## What needs to be done
Return the data below exactly as given, except for the images.

Collected data Start Marker

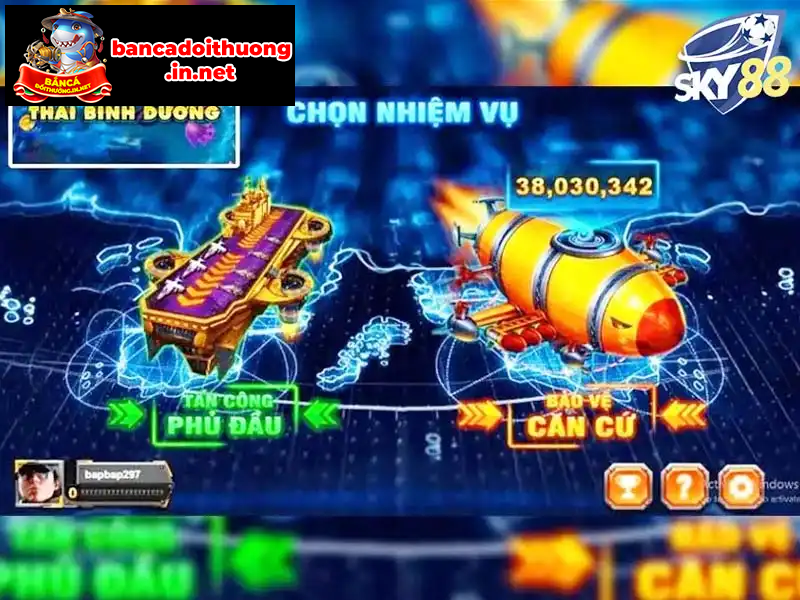Chơi game Quái vật Thái Bình Dương cần tập trung cao Chơi game Quái vật Thái Bình Dương cần tập trung cao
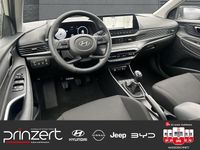 Gebraucht Hyundai i20 Prime 101 PS (74 kW) 2025 Atlas white Limousine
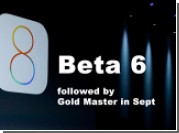 iOS 8 Gold Master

Collected data End Marker

## Written answer
Chơi game Quái vật Thái Bình Dương cần tập trung cao Chơi game Quái vật Thái Bình Dương cần tập trung cao
 Gebraucht Hyundai i20 Prime 101 PS (74 kW) 2025 Atlas white Limousine
 iOS 8 Gold Master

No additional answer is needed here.